→ Assignment: Set down, exactly and only, everything from the line containing "Pre Owned Dior" down to the line containing "Torrid Color Block" in the data below; the pictures are not part of the copy.

→ Available data:
*** Begin section ***

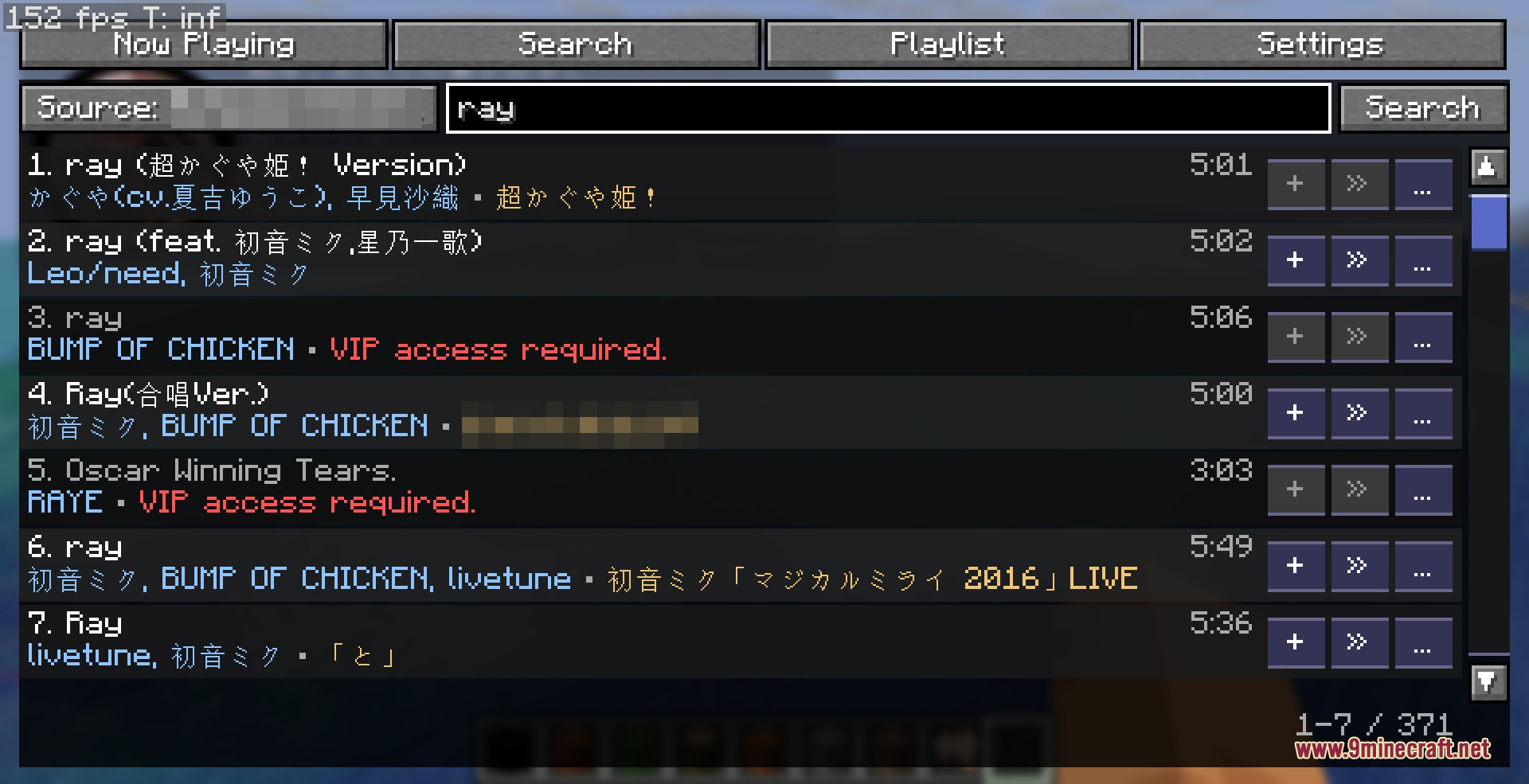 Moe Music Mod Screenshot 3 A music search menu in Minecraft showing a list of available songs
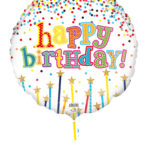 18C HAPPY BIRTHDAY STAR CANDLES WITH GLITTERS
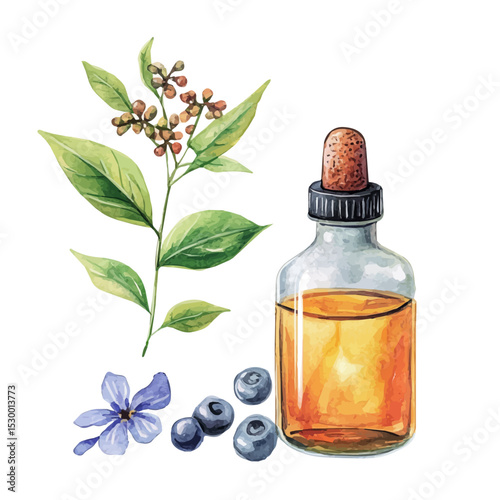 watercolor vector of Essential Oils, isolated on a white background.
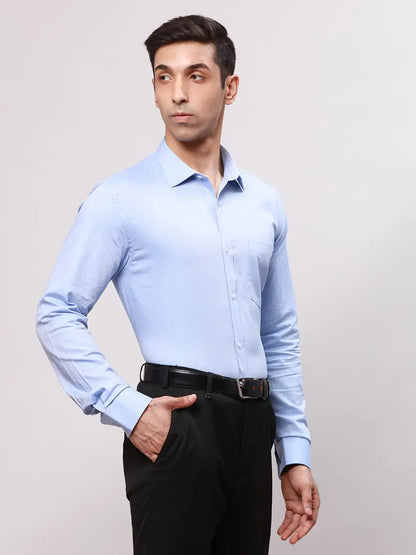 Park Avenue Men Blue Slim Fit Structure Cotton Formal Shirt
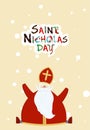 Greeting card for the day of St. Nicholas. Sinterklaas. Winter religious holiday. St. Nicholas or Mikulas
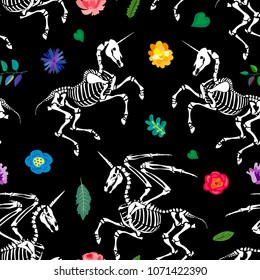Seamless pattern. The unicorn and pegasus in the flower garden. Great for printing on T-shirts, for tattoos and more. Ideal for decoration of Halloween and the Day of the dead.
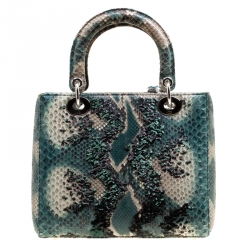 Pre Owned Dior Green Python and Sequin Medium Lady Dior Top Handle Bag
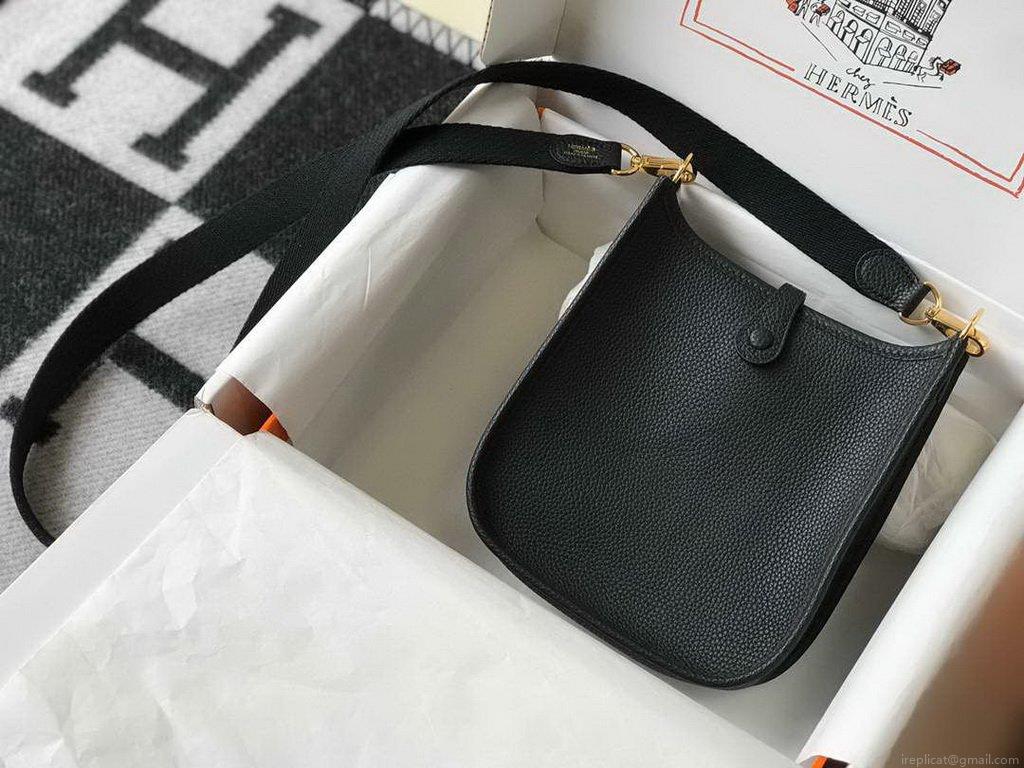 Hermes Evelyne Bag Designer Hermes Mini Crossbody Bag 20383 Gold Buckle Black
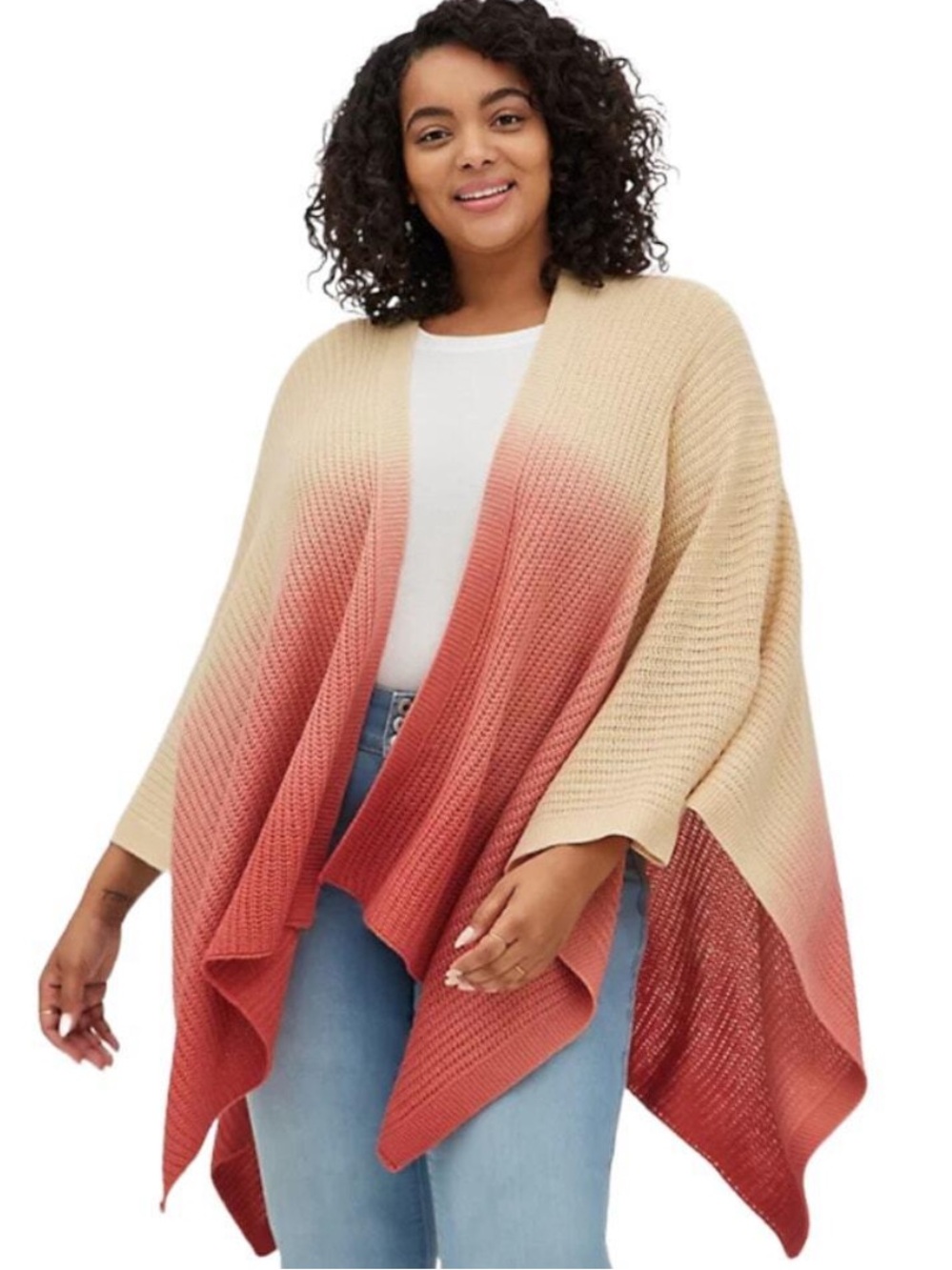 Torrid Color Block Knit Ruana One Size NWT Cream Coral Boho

*** End section ***
*** Begin section ***

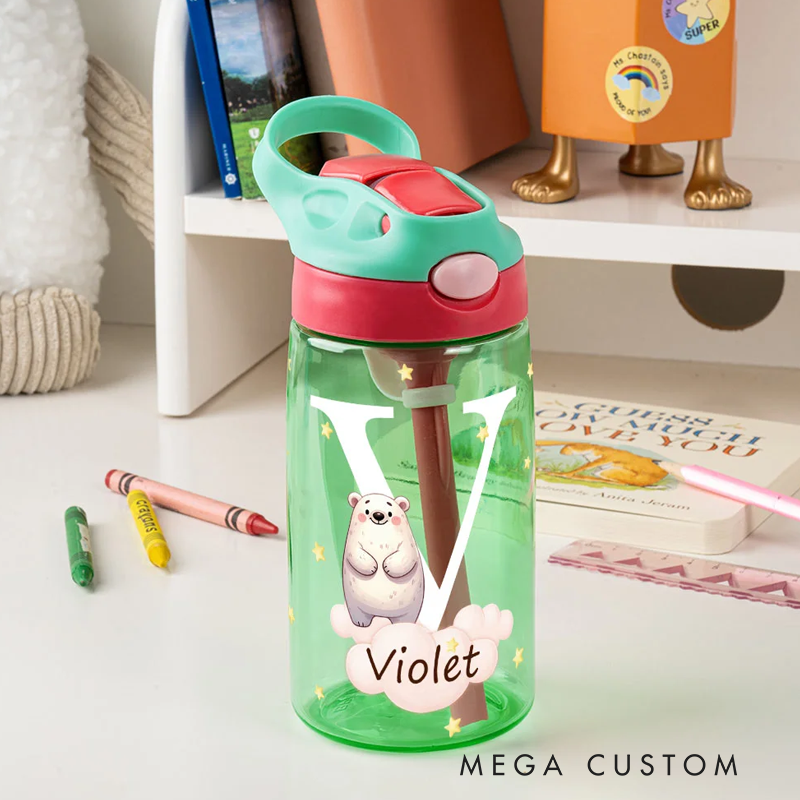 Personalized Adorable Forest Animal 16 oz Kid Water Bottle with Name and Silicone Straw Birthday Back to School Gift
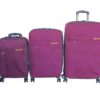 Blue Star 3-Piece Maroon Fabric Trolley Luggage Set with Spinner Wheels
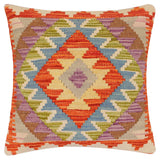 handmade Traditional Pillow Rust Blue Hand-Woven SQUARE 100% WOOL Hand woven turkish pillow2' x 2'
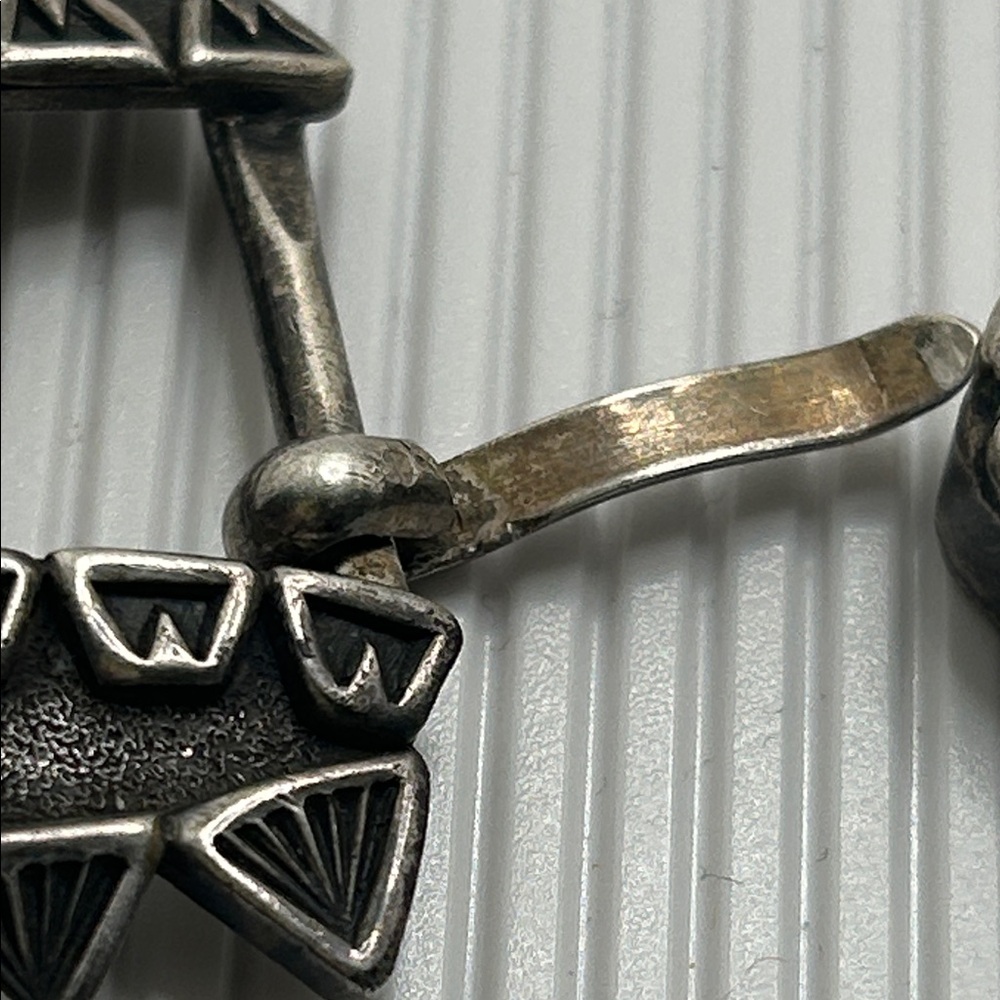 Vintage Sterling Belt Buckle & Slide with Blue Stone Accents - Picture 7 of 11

*** End section ***
*** Begin section ***

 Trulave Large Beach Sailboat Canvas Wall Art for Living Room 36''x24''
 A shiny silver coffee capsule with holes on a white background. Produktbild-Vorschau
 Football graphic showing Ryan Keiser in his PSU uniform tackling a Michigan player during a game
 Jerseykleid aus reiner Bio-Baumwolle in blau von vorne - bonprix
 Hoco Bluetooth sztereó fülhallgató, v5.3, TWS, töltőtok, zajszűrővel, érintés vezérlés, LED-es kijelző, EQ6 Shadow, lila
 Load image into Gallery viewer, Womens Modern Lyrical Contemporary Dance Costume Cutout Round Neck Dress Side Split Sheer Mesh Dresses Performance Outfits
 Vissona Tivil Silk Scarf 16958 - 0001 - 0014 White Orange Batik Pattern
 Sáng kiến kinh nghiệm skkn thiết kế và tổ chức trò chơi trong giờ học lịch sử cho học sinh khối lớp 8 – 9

*** End section ***

→ Completed exercise:
 Pre Owned Dior Green Python and Sequin Medium Lady Dior Top Handle Bag
 Hermes Evelyne Bag Designer Hermes Mini Crossbody Bag 20383 Gold Buckle Black
 Torrid Color Block Knit Ruana One Size NWT Cream Coral Boho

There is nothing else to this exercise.